Matveev’s mission, thus, had little chance of success even before it began, for Marlborough’s voice was authoritative. Nevertheless, the essence of diplomacy is letting each player act out his role and Marlborough not only did not dissuade Matveev from going to London but even lent the Ambassador his own yacht, Peregrine, to make the Channel crossing.
Matveev arrived in the English capital in May 1707, and was greeted amiably, but it was not long before he understood that nothing would happen quickly. Writing to Golovkin, who by this time had succeeded Golovin as Chancellor, he warned that progress would be slow: “Here there is no autocratic power”; the Queen could do nothing without the approval of Parliament. Finally, in September, Queen Anne gave the Russian Ambassador an audience. She was prepared, she said, to ally England with Russia by including Russia in the Grand Alliance, but first she had to have the acquiescence of her current allies, Holland and the Hapsburg empire. During this period of further delay, Matveev’s hopes were kept alive by Marlborough, who wrote from Holland that he was using all his influence to persuade the States General to agree to the Russian alliance.
The game was slipping away—Charles had marched from Saxony in August to begin his long-dreaded invasion of Russia—and Matveev’s exasperation grew. “The Ministry here is more subtle than the French even in finesse and intrigue,” he wrote to Moscow. “Their smooth and profitless speeches bring us nothing but loss of time.” In November, Marlborough himself arrived in London.
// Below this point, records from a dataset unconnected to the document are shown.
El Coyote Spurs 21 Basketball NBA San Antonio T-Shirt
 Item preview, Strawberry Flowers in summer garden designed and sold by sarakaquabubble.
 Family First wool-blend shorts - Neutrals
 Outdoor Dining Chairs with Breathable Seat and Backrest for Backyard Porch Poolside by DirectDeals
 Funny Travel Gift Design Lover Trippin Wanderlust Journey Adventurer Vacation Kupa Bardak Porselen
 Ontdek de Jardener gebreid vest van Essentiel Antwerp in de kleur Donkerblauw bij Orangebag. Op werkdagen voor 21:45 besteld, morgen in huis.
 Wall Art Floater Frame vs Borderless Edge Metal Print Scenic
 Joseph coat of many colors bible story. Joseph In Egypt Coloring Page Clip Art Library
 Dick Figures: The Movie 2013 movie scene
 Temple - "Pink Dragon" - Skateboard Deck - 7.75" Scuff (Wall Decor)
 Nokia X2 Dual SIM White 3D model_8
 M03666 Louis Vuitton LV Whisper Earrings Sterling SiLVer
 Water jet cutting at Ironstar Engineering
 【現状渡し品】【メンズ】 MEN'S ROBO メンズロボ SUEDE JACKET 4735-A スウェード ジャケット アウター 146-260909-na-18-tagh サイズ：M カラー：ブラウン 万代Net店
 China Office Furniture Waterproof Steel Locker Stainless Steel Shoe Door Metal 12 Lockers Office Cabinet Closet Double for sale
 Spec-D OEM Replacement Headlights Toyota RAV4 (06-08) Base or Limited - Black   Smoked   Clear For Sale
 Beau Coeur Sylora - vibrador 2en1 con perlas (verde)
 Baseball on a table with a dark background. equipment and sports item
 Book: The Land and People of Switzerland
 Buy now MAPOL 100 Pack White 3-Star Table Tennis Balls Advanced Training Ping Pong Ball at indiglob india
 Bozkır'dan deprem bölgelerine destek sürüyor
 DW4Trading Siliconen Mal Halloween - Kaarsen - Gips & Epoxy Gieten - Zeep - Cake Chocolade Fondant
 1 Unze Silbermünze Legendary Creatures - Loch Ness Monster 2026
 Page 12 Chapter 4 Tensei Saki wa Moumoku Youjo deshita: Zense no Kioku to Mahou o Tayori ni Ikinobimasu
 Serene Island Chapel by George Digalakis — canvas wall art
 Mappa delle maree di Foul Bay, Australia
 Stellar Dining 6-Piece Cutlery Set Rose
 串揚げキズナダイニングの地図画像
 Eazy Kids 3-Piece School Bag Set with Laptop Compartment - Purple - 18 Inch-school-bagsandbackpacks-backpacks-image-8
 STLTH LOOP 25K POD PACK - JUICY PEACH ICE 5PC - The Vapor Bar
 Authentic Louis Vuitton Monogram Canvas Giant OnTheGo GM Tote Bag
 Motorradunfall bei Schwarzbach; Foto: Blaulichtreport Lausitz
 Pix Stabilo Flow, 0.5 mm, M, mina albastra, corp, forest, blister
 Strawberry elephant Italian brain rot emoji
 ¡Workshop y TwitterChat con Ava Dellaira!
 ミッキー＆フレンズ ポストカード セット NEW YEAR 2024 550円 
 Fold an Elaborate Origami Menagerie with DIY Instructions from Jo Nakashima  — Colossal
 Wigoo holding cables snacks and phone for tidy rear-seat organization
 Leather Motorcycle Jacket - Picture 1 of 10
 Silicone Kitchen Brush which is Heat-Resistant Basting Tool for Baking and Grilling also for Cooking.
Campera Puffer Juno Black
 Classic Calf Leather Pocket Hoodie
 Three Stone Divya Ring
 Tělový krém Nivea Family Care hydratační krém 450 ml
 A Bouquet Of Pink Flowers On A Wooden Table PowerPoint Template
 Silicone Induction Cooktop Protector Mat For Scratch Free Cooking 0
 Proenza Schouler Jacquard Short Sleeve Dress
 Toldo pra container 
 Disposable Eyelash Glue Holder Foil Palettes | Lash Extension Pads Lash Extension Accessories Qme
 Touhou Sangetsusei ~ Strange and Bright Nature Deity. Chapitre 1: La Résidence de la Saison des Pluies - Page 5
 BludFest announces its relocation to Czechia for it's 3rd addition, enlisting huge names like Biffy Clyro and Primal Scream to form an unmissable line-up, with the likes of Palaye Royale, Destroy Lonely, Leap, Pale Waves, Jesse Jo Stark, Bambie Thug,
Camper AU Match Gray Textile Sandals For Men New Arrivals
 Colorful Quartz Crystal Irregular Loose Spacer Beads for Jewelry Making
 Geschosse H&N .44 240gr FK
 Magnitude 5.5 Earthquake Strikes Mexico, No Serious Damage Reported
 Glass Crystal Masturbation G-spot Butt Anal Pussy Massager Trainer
Matveev visited him the evening after his arrival and asked the Duke to say plainly, as an honest man without sweet promises, whether the Tsar could hope for anything from England. Once again, Marlborough refused to give a definite reply.
Through another source—Huyssen, who was acting as a Russian diplomatic agent on the continent—a different approach to Marlborough was under consideration. According to Huyssen, the Duke had said that he would be willing to arrange English help for Russia in return for a substantial Russian gift of money and land to him personally. When Golovkin reported this to Peter, the Tsar declared, “Tell Huyssen that if Marlborough wishes a Russian principality, he can promise him one of three, whichever he wishes, Kiev, Vladimir or Siberia. And he can promise him also that if he persuades the Queen to make a good peace for us with the Swedes, he shall receive as revenues of his principality 50,000 ducats for every year of his life, in addition to the Order of St. Andrew, and a ruby as large as any in Europe.”
Neither Matveev’s nor Huyssen’s approach went further. As late as February 1708, with Charles XII already across the Vistula on his march to Moscow, Matveev issued a final appeal for an English alliance. The appeal was left unanswered. In April, Peter wrote to Golovkin: “Concerning Andrei Matveev, long ago we said it was time for him to depart, for all there [i.e., in London] is tales and shame.”
Charles adamantly refused to consider any negotiations for peace with Russia. He rejected the French offer of mediation, saying that he did not trust the Tsar’s word; the fact that Peter had already given the title of Prince of Ingria to Menshikov was evidence that the Tsar had no intention of returning the province and therefore could not be interested in negotiating a peace. When it was suggested that Peter might compensate Sweden in order to keep a small slice of the conquered territory on the Baltic, Charles replied that he would not sell his Baltic subjects for Russian money. When Peter offered to return all of Livonia, Estonia and Ingria except St. Petersburg and Schlüsselburg-Nöteborg and the Neva River which connected them, Charles declared indignantly, “I will sacrifice the last Swedish soldier rather than cede Nöteborg.”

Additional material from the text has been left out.